The new regulations, introduced in April 2012 by the Inter-African Conference on Insurance Markets (Conférence Interafricaine des Marchés d'Assurances, CIMA), are aimed at promoting the growth of microinsurance in member states by creating incentives for investors. CIMA also hopes they will help increase consumer awareness of insurance products, something that is lacking throughout most of the continent.
Microinsurance is a term applied to more affordable insurance policies that provide coverage for lower-income populations. Under the new scheme, both life and non-life policies will be allowed, with the latter including coverage for very specific segments, such as agricultural risks which hedge against harvest losses or climate volatility. These policies fulfil a twofold purpose of providing protection for customers who would otherwise be unable to afford cover, while helping to promote an awareness and understanding of insurance among populations largely unacquainted with the services and products available.
The new regulations set a maximum of CFA3500 (€5.34) per month for microinsurance premiums, which will be adjusted on a country-by-country basis as the segment grows within the conference's member states. This figure is about 25% less than the average monthly premium for conventional insurance in Gabon, which stood at CFA4632 (€7.06) in 2012.
Under the regulations, existing insurance companies, together with non-insurance entities including NGOs and microfinance groups, will be authorised to offer microinsurance plans in CIMA countries. Non-conventional insurers will be required to have minimum capitalisation of CFA500m (€762,000) to begin operating. Claims will also have to be processed in a timely manner. For life services, the new rules specify that savings must be transferred within 10 days of death.
The regulations also oblige all microinsurers to report key performance indicators, which have been defined by the Microinsurance Network, a global organisation that promotes the development of insurance products for low-income communities. The indicators include both growth and debt ratios, alongside average claim-handling times.

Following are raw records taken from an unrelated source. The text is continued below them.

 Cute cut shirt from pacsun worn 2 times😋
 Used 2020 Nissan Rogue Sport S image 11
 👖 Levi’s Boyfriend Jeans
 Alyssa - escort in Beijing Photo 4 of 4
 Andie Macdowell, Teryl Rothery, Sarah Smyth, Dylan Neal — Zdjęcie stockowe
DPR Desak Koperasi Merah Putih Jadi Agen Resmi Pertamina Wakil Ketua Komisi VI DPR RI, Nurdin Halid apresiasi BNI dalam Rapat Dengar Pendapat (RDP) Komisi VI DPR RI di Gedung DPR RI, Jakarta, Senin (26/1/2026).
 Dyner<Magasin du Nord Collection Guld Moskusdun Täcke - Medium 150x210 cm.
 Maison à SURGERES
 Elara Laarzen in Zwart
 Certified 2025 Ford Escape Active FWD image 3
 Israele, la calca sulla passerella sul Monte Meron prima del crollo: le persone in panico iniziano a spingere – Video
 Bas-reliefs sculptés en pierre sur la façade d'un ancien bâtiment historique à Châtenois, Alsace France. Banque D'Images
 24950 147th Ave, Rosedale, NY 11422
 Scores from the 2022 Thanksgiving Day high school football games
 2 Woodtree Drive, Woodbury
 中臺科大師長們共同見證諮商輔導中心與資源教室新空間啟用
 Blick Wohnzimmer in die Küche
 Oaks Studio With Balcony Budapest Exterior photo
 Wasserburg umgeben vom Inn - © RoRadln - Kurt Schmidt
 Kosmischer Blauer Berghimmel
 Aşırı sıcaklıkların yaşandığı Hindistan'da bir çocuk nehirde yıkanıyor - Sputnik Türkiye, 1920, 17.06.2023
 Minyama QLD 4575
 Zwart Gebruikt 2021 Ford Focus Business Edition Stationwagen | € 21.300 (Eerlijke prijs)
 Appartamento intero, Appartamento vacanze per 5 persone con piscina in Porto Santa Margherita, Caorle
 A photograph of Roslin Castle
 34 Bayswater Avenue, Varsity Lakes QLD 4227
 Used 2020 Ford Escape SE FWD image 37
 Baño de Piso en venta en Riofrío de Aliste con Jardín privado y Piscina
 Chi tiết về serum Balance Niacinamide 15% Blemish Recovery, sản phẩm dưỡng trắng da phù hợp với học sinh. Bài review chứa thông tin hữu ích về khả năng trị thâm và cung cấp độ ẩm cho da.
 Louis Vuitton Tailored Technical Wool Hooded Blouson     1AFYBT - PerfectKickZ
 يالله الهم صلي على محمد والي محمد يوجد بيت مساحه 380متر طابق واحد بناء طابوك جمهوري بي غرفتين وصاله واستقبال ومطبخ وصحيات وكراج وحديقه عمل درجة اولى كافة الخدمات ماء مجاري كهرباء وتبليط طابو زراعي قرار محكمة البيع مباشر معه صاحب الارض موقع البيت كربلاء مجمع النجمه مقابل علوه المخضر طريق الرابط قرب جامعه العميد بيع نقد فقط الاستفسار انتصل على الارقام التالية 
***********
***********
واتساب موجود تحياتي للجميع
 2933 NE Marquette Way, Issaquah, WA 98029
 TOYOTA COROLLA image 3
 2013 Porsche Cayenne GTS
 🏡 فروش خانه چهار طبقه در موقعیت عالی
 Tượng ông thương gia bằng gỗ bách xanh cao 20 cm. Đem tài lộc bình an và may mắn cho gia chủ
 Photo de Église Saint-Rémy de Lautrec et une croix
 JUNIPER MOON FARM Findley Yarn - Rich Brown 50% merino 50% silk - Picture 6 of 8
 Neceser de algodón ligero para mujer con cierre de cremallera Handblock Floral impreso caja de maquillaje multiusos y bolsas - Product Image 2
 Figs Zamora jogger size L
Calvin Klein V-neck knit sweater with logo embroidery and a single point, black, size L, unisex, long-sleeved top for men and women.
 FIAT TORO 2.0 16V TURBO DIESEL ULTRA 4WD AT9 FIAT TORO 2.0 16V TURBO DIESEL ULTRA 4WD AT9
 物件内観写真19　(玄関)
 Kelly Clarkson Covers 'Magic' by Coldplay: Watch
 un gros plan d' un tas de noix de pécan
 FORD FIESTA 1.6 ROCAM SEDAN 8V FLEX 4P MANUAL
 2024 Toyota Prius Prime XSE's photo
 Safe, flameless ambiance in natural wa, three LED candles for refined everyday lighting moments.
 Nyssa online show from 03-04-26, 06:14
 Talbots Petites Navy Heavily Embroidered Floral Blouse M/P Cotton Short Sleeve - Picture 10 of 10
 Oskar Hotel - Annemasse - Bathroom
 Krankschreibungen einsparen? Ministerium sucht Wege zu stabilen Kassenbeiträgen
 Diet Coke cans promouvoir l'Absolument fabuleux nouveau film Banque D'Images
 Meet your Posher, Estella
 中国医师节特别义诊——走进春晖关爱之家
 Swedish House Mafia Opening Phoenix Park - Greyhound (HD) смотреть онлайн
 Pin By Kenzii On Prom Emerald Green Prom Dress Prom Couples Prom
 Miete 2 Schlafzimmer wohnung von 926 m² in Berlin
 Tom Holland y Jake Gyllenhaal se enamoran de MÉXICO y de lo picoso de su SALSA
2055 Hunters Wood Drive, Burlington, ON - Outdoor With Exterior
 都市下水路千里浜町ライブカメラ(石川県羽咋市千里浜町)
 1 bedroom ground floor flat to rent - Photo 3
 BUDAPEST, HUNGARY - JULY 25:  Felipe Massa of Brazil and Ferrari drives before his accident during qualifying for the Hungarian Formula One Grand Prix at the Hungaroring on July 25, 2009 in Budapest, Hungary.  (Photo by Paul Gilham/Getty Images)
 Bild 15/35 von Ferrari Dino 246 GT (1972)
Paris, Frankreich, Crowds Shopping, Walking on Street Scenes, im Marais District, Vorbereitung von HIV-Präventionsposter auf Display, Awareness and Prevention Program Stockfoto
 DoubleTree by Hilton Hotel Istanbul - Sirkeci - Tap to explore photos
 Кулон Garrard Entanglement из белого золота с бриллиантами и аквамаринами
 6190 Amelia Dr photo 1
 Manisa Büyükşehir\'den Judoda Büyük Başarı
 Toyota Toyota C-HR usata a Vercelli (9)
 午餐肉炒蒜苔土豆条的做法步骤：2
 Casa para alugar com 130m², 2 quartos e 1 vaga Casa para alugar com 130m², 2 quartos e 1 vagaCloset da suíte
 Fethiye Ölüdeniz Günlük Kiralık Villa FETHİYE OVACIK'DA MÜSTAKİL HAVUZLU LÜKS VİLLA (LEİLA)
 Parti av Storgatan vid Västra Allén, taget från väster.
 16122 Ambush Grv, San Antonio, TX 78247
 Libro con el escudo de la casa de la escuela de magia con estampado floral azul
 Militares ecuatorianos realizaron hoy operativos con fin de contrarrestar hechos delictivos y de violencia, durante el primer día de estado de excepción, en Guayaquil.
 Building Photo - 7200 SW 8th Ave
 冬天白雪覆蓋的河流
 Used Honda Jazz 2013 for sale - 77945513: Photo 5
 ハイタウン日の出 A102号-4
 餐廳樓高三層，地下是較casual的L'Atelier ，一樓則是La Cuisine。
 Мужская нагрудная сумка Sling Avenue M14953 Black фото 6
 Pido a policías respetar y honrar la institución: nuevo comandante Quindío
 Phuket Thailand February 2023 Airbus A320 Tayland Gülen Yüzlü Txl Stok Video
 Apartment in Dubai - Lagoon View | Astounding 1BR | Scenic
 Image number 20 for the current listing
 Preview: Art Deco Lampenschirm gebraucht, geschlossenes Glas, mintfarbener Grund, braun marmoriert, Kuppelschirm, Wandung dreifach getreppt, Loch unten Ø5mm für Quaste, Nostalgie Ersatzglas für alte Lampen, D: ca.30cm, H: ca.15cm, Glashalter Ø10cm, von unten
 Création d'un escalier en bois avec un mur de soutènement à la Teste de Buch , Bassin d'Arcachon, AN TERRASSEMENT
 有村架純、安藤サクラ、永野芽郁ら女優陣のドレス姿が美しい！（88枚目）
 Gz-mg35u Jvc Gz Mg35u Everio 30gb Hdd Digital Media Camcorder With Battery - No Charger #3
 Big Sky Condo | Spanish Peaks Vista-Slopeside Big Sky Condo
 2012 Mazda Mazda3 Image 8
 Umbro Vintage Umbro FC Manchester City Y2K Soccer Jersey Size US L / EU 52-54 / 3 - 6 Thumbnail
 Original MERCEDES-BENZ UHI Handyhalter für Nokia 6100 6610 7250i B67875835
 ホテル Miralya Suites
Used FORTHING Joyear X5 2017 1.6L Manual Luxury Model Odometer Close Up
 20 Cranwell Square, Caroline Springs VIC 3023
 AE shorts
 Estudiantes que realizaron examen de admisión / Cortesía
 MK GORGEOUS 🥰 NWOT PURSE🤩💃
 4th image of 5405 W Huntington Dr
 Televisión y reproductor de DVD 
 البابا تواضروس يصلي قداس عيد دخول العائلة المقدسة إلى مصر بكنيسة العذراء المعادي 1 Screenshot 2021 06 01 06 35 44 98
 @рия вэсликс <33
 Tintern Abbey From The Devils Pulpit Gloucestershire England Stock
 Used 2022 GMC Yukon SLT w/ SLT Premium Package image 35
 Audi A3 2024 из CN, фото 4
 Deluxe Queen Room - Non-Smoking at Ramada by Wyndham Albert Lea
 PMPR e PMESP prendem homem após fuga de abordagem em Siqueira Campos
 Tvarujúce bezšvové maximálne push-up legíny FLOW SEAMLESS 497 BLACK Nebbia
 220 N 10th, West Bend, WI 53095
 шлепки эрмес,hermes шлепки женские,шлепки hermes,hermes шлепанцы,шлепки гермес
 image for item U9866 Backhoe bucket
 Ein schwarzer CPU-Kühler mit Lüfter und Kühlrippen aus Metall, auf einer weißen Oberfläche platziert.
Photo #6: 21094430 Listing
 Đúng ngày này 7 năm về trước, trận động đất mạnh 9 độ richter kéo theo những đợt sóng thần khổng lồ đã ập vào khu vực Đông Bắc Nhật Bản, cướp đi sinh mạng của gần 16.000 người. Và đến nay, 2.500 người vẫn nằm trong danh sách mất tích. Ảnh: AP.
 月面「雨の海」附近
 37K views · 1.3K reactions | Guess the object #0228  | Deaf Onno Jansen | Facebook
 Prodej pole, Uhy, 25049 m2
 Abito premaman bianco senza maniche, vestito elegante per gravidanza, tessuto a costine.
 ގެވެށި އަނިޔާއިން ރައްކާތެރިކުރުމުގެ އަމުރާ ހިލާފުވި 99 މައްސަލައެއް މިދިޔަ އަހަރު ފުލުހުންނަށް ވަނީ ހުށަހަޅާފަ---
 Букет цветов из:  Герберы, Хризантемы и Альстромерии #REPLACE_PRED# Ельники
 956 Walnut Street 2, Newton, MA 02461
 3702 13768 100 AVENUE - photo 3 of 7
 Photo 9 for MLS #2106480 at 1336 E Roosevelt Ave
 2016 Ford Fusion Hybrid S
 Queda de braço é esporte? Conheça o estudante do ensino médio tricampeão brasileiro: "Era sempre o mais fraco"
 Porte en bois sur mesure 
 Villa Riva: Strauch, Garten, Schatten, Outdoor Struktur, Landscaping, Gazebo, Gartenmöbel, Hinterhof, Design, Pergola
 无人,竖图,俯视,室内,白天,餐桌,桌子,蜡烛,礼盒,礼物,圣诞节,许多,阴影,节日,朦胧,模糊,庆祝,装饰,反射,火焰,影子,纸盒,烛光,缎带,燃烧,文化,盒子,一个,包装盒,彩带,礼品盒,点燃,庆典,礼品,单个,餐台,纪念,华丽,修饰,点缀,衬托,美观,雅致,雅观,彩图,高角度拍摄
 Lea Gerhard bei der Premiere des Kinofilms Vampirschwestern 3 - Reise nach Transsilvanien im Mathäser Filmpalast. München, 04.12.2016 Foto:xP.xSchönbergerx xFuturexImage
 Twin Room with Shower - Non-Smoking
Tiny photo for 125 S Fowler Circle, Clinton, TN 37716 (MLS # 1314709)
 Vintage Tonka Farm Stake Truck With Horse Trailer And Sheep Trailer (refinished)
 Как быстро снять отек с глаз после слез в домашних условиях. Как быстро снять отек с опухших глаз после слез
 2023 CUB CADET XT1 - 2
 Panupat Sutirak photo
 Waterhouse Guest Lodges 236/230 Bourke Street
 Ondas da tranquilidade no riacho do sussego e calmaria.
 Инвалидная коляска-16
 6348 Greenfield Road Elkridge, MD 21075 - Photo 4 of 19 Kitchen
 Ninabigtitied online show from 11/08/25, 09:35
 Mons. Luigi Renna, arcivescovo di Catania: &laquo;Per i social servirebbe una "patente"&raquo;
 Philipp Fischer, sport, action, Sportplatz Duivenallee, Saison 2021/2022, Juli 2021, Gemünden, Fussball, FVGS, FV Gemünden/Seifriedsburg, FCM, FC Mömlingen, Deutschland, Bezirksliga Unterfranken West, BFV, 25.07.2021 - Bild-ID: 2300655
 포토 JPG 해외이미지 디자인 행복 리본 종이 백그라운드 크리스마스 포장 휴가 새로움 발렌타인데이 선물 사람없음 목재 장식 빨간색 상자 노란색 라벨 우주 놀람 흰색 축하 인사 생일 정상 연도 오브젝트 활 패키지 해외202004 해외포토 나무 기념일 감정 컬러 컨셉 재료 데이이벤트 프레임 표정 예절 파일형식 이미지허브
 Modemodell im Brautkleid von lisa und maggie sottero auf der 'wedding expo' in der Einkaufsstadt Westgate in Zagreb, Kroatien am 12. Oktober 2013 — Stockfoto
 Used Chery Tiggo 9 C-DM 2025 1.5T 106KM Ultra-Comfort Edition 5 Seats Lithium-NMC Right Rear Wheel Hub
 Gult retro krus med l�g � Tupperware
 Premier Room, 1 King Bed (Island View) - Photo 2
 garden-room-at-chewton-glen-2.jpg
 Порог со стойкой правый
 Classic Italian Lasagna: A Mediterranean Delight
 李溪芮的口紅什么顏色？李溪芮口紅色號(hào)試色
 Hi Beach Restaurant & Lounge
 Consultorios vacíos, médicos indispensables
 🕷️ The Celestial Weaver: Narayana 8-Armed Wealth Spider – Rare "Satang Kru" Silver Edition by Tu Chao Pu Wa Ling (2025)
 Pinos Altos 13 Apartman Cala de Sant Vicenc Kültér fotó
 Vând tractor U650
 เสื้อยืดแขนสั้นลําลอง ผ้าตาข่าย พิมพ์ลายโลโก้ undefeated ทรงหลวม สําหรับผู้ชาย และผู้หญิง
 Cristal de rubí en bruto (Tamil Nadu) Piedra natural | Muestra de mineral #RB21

While Gabon is now considered an upper-middle-income country by the World Bank, its largely uninsured population, income disparity and growing economy make it an attractive destination for microinsurance firms. Insurance penetration in Gabon stood at just 1.3% of GDP in 2010, only slightly above the regional average of 1% but far behind continental heavyweight South Africa at 16%.
Gabon's low rate of insurance penetration against its relatively high regional income can be attributed to a number of factors. A lack of awareness of insurance leads the way, followed by a widespread negative perception of insurers. High average premiums, which render policies inaccessible to many locals, have also played a part in preventing take-up.
One area in which microinsurance could have a significant economic impact is agriculture, with many farmers either unaware of the benefits of insurance or unable to pay premiums. This would be in line with the government's broader economic policies, which have targeted growth in the agricultural sector and a reduction in food imports through the Gabonese Agricultural Development and Investment Project (Projet de Développement et d'Investissement Agricole au Gabon).
Assuming improved cultivation and production techniques accompany the anticipated expansion of the agriculture sector, the result will likely be a larger number of self-employed farmers, which in turn will provide a greater pool of potential customers for microinsurance firms. Other offerings, such as life insurance, could prove to be popular as incomes continue to rise.
While the market will be open to entrants that specialise in microinsurance, it is expected that established insurers will be the first to provide the new low-cost policies. There are eight providers operating in Gabon, six of which are subsidiaries of foreign players, including French giant Axa.
According to a 2012 report from global consultancy Accenture, microinsurance has the potential to be profitable for conventional carriers, although it may require local partners and innovative distribution methods. Nevertheless, the opportunity to reach a sizeable and largely untapped market may prove attractive, particularly if firms are able to transition customers to conventional products as they move up the income ladder. Indeed, by providing affordable coverage, the microinsurance segment could play a part in raising awareness of the benefits that having cover provides, paving the way for greater take-up of conventional insurance offerings and driving growth across the industry.